Can Apache Spark “slip its earthly bounds and go serverless, clusterless”? Rose Toomey, a software engineer at Coatue, is coming to Scale By the Bay to give us an idea of what serverless Spark could look like and get inspired by the future trends of Big Data.
In this interview, Rose spoke with us about her frustrations running Spark on servers, the effort to thrive in an ever-changing environment and why she calls her talk subject a "moonshot".
Welcome to Scale By the Bay! Please tell us more about yourself: how did you get interested in Big Data and what attracts you most in the space?
I’m a serial early stage fintech employee and currently I’m a Software Developer at Coatue Management. History may be written by the victors, but databases and APIs were written by good intentions. Getting value out of data is the highest friction and most interesting problem of our times.
What's the biggest challenge that you face in your work and how are you addressing the challenge?
I’m going to flip this question on its head: the biggest work challenge I face is actually within. Not just keeping up to date with such a large and rapidly changing field. But even more so to free myself from the tyranny of what’s useful. It can feel like a luxury to wander out of the trenches and pursue approaches which might not have an immediate application. But the value of this exploration is so disproportionate to the time it takes! I’m forcing myself to lift my scope beyond the horizon of immediate delivery.
What's the biggest thing that is misunderstood about Spark and its impact on serverless?
Spark can feel like a beast from a different era. There are plenty of frustrations running a Spark job on servers even when EMR or Databricks do some of the heavy lifting. Early serverless implementations have been slow, high touch, and specialized. I’m not here to tell you it’s any different today. But astronauts went to the moon using technology with limitations we find inconceivable. The work to bring serverless Spark to fruition - to develop alternative schedulers, non-disk dependent shuffle services – are improvements that can come back to benefit the whole ecosystem.

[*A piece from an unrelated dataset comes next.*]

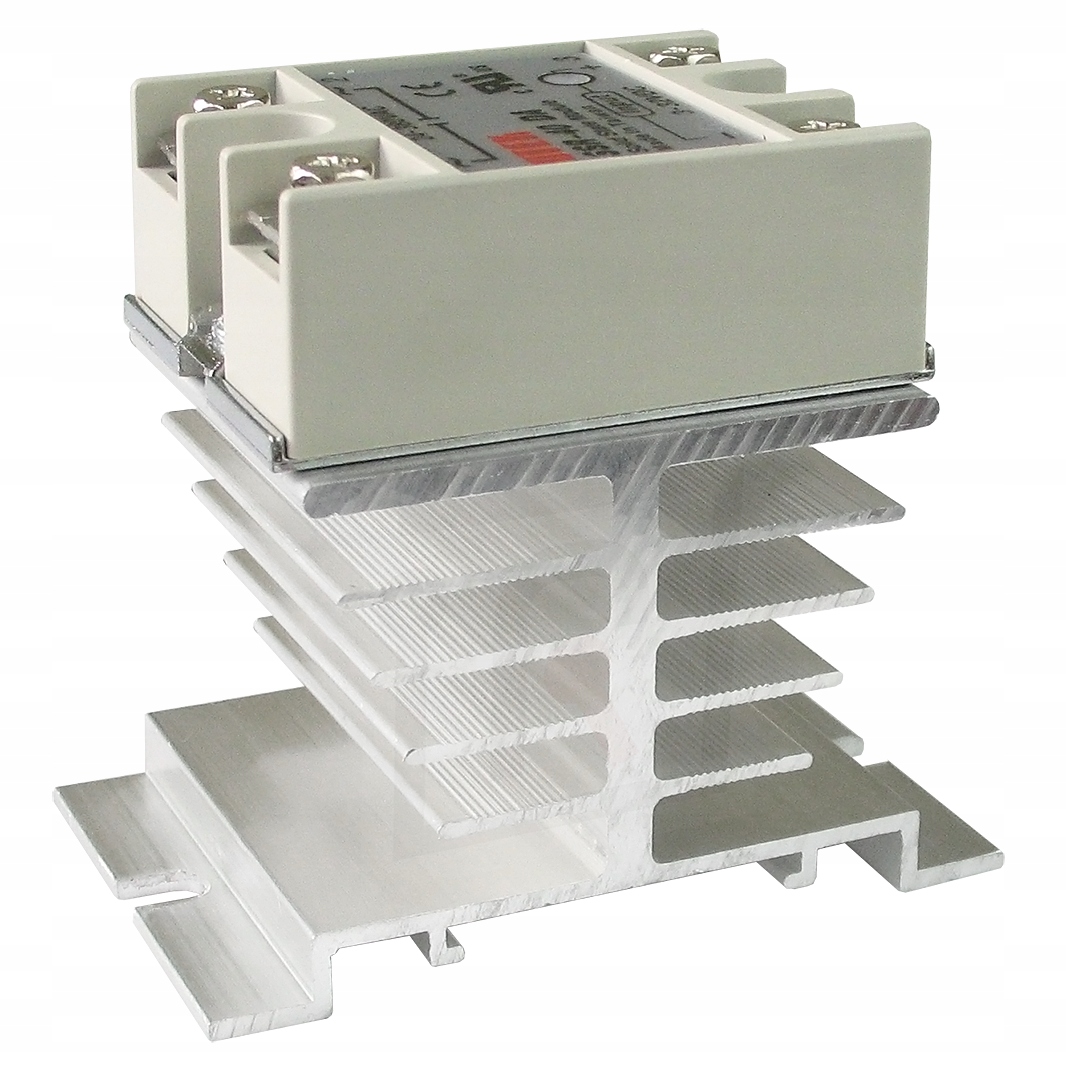 RADIATOR ALUMINIOWY DO PRZEKAŹNIK PÓŁPRZEWODNIKOWY 1 FAZOWYCH SSR DO 40A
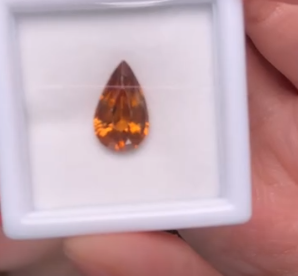 2.95ct Cognac Zircon THAIC1150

What are the three trends that will shape the future of Big Data?
All my impulses to answer this question – easier validation, better metadata stores, historically reproducible results - were so earthbound I can't even. So I'm coming to Scale By the Bay to be inspired with something more visionary.
What will you talk about at Scale By the Bay and why did you choose to cover this subject?
I’m talking about serverless Spark! Somewhat humorously called “moonshot” due to the remote and inhospitable environment for running Spark. This talk combines my interest in GraalVM with my interest - as a backend developer who has always worked on servers - with the nascent possibilities that serverless has to offer serious backend applications.
Who should attend your talk and what will they learn?
My talk is for anyone interested in how the Spark ecosystem evolves over the next few years. It’s not about the why of finding a real production application. It’s about how serverless Spark could look, under the constraints of a serverless environment. We’ll also look at what advantages GraalVM could offer. Come prepared to experiment and edge past limitations, it’s all tremendous fun!
Anything else you'd like to add?
So excited about the presentations at this year’s conference! Bill Venners on semantic contracts, that’s a must-see. Also looking forward to the Quill + Doobie presentation and especially Shoumik Palkar on Weld. When Jon Pretty says “revolution”, I snap to and salute back. And I will be sorry to miss Evan Chan’s talk on Scala and Rust which has been scheduled – tragically – opposite mine!